Ce roman me restera longtemps en tête, c'est une certitude, tant il m'a bouleversée, questionnée, sidérée et tant c'est déconcertant ce genre de situations au XXIème siècle dans un pays qui se prétend "la plus grande nation du monde".


Citations :

Page 32 : Peu importe que la grossesse d'une femme soit due à un viol, un inceste ou une autre circonstance atténuante.

 

Page 114 : On nous disait que l'église missionnaire de Saint Paul et d'autres églises évangélistes à travers tous les États-Unis étaient unies dans leur opposition à ce qu'on appelait l'avortement à la demande, comme elles étaient unies dans leur opposition au socialisme, au communisme, à l'athéisme et à l'homosexualité.

 

Page 148 : « Il ne peut y avoir de démocratie quand un sexe est enchaîné à son ''destin biologique''' »...

 

Page 169 : De sa voix de papa sérieux, Papa dit :

« Une enfant adoptée est une enfant choisie.

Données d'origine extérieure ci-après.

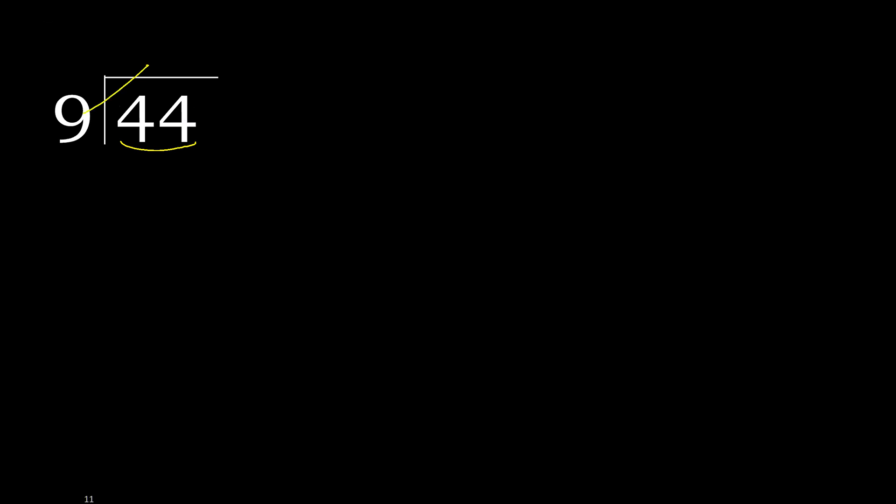9 multiplied by which number is nearest to 44 but not greater? 9 multiplied by 5 is 45, is greater. Multiply by 4: 36, is not greater. 44 minus 36 is 8.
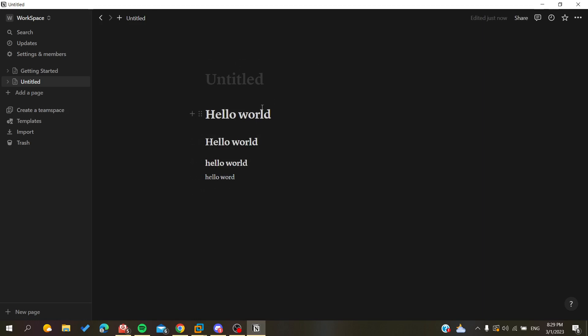This is the only way that you can have big size fonts here on your Notion page. This is all that you can do. Thank you for watching and see you next time.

Une enfant adoptée est une enfant particulièrement désirée.Une enfant adoptée a deux séries de parents et est doublement au monde.

 

Page 224 : Dans leur religion (pour autant qu'il la comprenne) il importait peu qu'une grossesse résulte d'un viol ou d'un inceste, l'avortement était contre la loi divine.L'avortement était un péché, un crime et une honte parce que c'était le « massacre d'innocents ».

 

Page 282 : Ignore tout cela, Darren. On trouve beaucoup de saletés dans les journaux, et beaucoup de saletés dans le monde, contre lesquelles on ne peut rien. Mais on peut vivre sa vie sans avoir à savoir.

 

Page 309 : Pour eux, elle était la femme d'un « tueur d'enfants » : c'était son identité. Elle aurait voulu les interpeller, les prendre à partie : Vous êtes de dangereux fanatiques, des extrémistes religieux ! Votre Dieu vengeur n'existe pas, on vous a lavé le cerveau, vous êtes absurdes.

 

Page 508 : Leur foi fait d'eux des monstres.

 

Page 596 : Avoir une longue période de temps devant moi pour pleurer mon fils m'était insupportable, car je ne pouvais penser à Gus sans être précipitée dans un infini qui n'aurait jamais eu de terme.

 

Page 637 : Mais Gus s'entêtait : Les femmes doivent décider par elles-mêmes. Leur corps leur appartient. Il est obscène qu'un homme – quel qu'il soit – se mêle de dire à une femme ce qu'elle doit faire de son corps, lui impose un accouchement quand elle n'est pas prête. Ou quand elle ne le sera jamais.

 

Page 821 : Une fois de plus, Naomi pensa à tout ce que son père manquait du fait de sa mort.

 

Page 821 :  Si les morts pouvaient revenir à la vie, ils se réjouiraient de cette ''vie'' , quelle qu'elle ait été. Ils ne feraient pas la fine bouche. Ils ne seraient pas ironiques. Par conséquent, nous qui sommes en vie ferions bien de nous réjouir à leur place.

 

Page 822 : Elle savait combien Gus s'était moqué des ouvrages de ''sagesse'' – les textes sacrés des grandes religions, apologies de l'oppression, de l'ignorance, de la superstition, du pacifisme face à la tyrannie politique. Sans parler de l'asservissement et du mauvais traitement des femmes. Aucune ''sagesse'' ne mérite autant d'ignorance, avait dit Gus. Une ignorance qui avait pour furoncle la haine de la science.